───── RECORDS SHOWN ─────

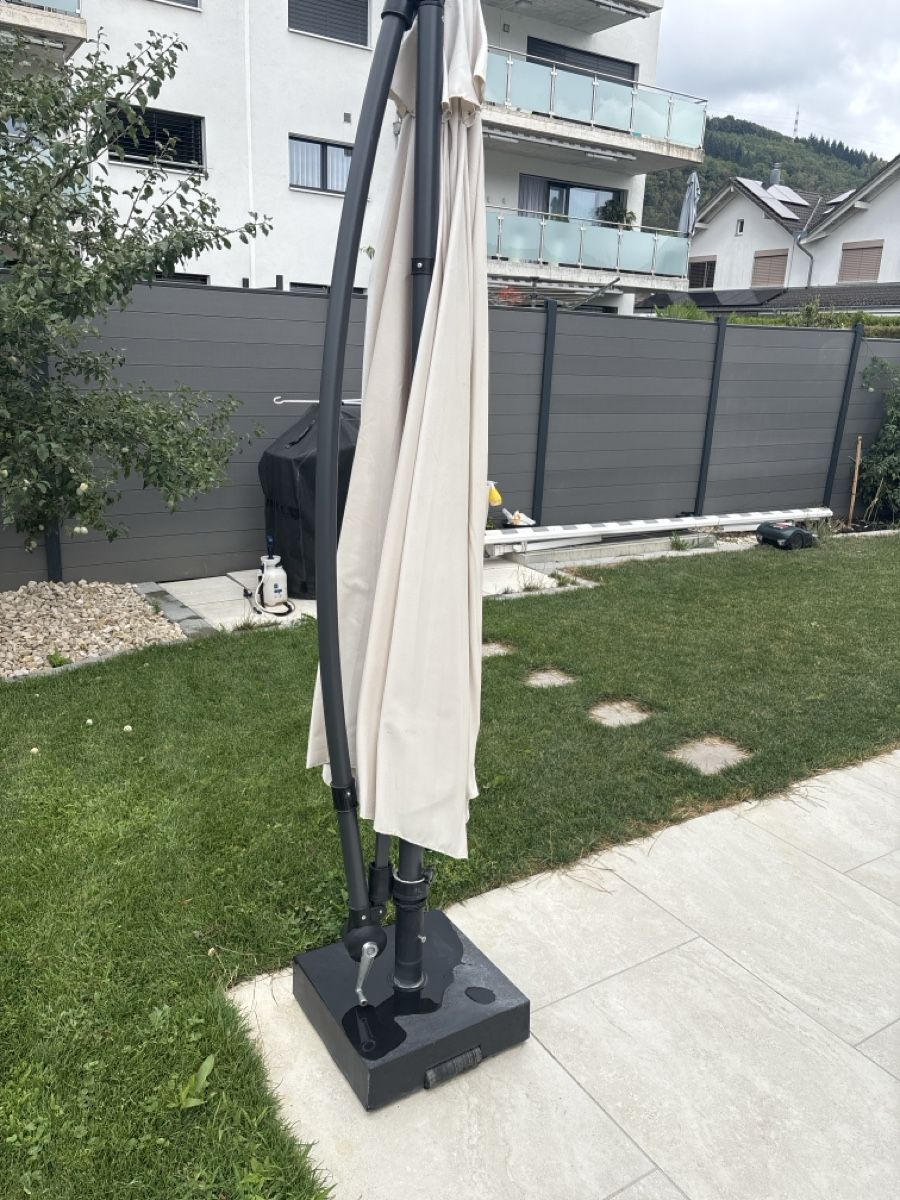 Ombrelloni: Parasol suspendu beige bon état base incluse – Usato da Pieterlen venduto da Adarela 1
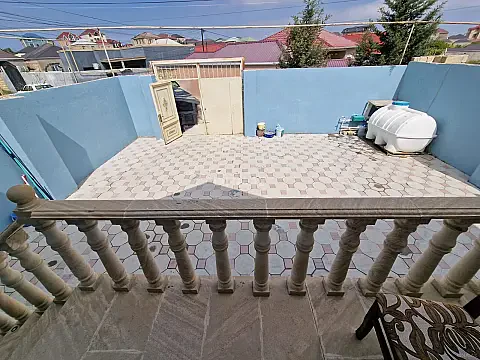 Satılır 4 otaqlı həyət evi 100 m²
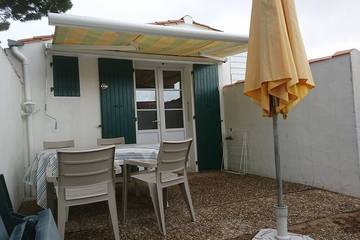 Gîte pour 4 personnes, avec jardin et terrasse dans Plage Du Gros Jonc Le Bois Plage En Re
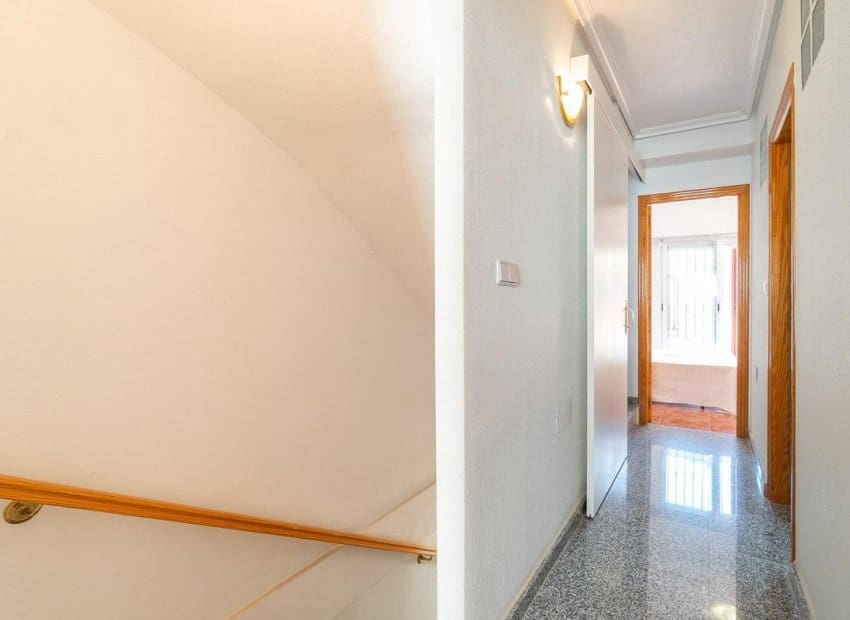 3 camera da letto Casa in vendita in Playa Flamenca con piscina - 169.000 € (Rif: 9379968)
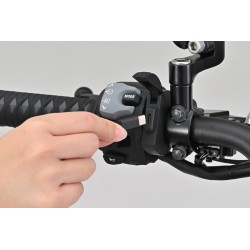 Fuente de alimentación USB tipo C DAYTONA Slim aluminio - manillar Ø22,2/25,4 2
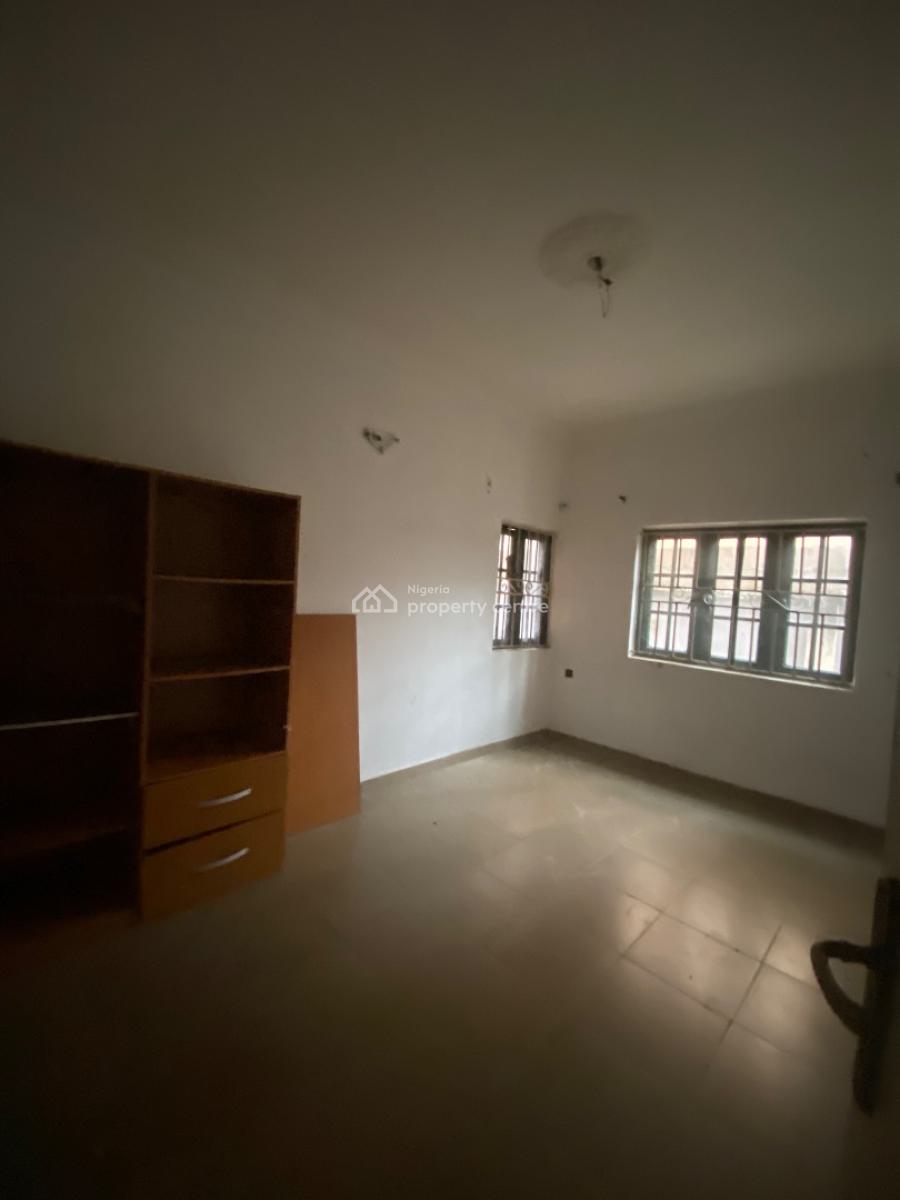 Very Spacious 2 Bedroom Apartment, Before Shoprite Sangotedo Ajah, Sangotedo, Ajah, Lagos, Flat / Apartment for Rent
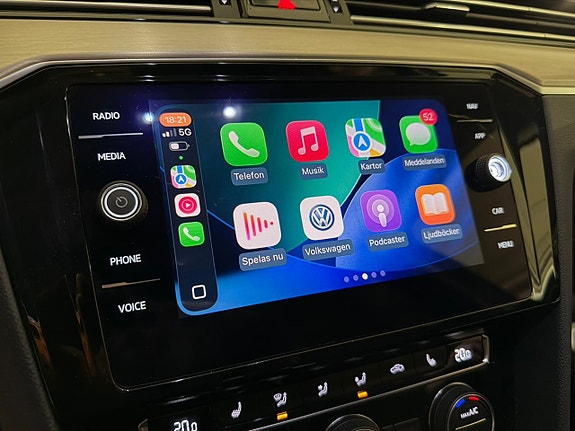 Volkswagen Passat 13 of 23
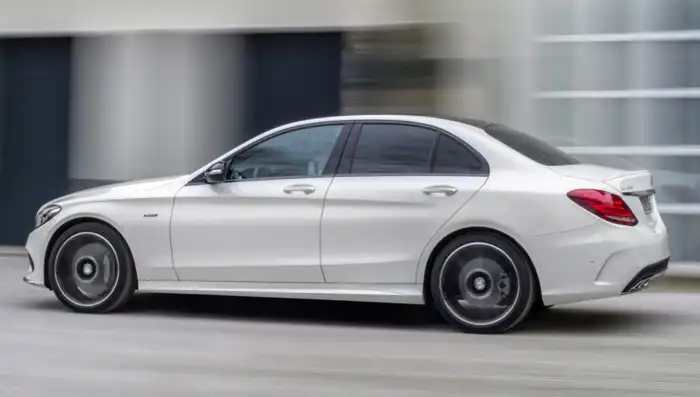 벤츠-C클래스-W205-C200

─────

WORK REQUEST: The required output is an exact copy of the lines from the one with "Fuente de alimentación" through the final line of the data above, with pictures removed.

ANSWER:
 Fuente de alimentación USB tipo C DAYTONA Slim aluminio - manillar Ø22,2/25,4 2
 Very Spacious 2 Bedroom Apartment, Before Shoprite Sangotedo Ajah, Sangotedo, Ajah, Lagos, Flat / Apartment for Rent
 Volkswagen Passat 13 of 23
 벤츠-C클래스-W205-C200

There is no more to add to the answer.